# loaches and angels



## tom g (Jul 8, 2009)

i have two black veil angels ,that were quite sick , with a fungus i recently introduced them back into there tank. i have notived recently that the clown loaches will not leave them alone they seem to be coming up to there body and i am not sure what they are doing . is this normal . shoul di be concerned 
are they going after there slime coat , im confused . is this normal after they were sick with the fungus.
thanks 
tom


----------



## Calmer (Mar 9, 2008)

It doesn't seem normal and I would be concerned. Keep a close eye on them as it could only be curiosity on the part of the clown loaches.


----------



## jarmilca (Sep 10, 2009)

tom g said:


> i have two black veil angels ,that were quite sick , with a fungus i recently introduced them back into there tank. i have notived recently that the clown loaches will not leave them alone they seem to be coming up to there body and i am not sure what they are doing . is this normal . shoul di be concerned
> are they going after there slime coat , im confused . is this normal after they were sick with the fungus.
> thanks
> tom


I would recommend you to move either angelfish or loaches. Both of them in the same tank is not a good mix. Loaches will harass angelfish, they like to "touch" other fish - it is a normal behavior for loaches.

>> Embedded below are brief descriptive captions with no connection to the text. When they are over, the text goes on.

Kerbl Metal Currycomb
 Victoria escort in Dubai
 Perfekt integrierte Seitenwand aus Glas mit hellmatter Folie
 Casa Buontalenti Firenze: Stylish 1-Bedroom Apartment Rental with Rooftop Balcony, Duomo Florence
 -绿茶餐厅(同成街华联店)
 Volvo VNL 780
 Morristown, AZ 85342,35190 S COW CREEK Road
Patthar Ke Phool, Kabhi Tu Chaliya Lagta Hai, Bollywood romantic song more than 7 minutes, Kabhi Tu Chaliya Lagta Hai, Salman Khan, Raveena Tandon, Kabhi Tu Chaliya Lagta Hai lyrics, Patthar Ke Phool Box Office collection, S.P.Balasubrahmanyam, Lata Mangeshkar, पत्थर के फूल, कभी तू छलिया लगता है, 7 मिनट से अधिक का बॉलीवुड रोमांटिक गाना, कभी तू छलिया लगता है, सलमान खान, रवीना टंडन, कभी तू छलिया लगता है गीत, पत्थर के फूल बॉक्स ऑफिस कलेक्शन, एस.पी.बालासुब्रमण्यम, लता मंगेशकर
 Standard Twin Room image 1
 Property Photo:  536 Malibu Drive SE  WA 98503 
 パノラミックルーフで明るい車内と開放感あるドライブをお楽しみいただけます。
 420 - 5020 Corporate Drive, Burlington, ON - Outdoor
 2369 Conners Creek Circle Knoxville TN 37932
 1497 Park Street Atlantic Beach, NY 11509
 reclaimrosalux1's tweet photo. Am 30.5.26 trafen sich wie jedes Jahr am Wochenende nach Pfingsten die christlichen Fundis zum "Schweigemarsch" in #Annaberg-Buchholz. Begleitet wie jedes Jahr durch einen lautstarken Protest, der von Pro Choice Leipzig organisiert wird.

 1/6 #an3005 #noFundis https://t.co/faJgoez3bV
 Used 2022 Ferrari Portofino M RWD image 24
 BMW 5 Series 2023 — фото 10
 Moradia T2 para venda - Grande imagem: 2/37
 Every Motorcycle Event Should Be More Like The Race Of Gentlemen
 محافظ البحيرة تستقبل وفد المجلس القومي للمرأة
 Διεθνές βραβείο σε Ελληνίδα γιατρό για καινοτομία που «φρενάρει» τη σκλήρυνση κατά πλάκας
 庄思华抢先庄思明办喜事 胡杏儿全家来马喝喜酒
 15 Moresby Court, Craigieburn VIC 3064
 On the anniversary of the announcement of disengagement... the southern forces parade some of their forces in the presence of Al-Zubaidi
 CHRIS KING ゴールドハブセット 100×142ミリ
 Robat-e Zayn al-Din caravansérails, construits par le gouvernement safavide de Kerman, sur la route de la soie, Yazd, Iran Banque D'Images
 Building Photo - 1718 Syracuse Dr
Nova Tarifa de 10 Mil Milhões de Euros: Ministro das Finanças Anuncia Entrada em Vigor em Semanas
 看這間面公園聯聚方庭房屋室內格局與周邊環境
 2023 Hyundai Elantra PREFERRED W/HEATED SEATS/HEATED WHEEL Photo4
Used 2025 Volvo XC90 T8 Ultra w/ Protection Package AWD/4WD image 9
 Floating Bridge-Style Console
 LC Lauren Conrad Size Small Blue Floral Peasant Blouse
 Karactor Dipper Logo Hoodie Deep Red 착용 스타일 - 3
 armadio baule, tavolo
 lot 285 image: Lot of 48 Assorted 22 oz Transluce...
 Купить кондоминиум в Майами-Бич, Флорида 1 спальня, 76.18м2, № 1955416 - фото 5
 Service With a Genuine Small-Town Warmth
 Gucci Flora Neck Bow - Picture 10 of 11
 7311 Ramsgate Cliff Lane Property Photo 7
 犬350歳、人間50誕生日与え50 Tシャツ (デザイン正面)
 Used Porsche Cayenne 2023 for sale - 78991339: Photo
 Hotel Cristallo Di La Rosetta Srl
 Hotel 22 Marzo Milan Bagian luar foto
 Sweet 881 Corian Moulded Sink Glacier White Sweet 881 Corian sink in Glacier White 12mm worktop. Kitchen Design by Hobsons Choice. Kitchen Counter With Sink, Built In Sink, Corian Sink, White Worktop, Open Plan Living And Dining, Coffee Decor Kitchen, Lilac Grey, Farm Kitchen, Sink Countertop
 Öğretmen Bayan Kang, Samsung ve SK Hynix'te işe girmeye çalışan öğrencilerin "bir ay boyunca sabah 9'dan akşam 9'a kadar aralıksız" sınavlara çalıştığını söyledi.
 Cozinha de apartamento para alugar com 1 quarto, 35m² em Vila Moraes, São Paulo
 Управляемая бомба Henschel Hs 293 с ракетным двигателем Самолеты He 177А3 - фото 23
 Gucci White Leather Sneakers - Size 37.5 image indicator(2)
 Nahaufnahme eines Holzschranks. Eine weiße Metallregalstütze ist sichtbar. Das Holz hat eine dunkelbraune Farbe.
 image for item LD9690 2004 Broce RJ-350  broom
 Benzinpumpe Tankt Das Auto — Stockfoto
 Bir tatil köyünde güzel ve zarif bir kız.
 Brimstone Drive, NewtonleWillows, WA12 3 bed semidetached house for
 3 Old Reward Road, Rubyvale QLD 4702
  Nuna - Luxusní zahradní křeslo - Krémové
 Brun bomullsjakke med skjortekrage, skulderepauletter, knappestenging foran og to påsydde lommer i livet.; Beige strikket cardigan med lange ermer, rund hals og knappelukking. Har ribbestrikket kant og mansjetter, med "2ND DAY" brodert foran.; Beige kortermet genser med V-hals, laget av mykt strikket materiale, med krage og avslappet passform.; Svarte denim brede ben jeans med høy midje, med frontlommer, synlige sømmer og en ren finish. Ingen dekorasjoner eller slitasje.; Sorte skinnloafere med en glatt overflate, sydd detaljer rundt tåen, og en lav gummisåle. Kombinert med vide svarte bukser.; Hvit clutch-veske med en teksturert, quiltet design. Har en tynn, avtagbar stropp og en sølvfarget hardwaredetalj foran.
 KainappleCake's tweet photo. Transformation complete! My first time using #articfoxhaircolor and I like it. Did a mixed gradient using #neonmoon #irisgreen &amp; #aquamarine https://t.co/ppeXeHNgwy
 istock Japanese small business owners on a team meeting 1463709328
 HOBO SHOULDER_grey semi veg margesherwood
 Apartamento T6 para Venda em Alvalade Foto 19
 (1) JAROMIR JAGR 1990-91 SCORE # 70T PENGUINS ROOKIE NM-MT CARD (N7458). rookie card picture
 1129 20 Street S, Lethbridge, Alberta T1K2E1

My angelfish did not like to be "sniffed" by loaches so I ended up selling the loaches.


----------



## tom g (Jul 8, 2009)

well the one black veil angel died today , he was the big one prob the size of a small bowl prob 4 in .the other one seems to be doing ok i am gonna get my water tested tommorow am .had it tstd last week and they said it was good . told me teh water was hard .some one mentioned a uv sterilizer is taht something i need 
thanks gang
tom


----------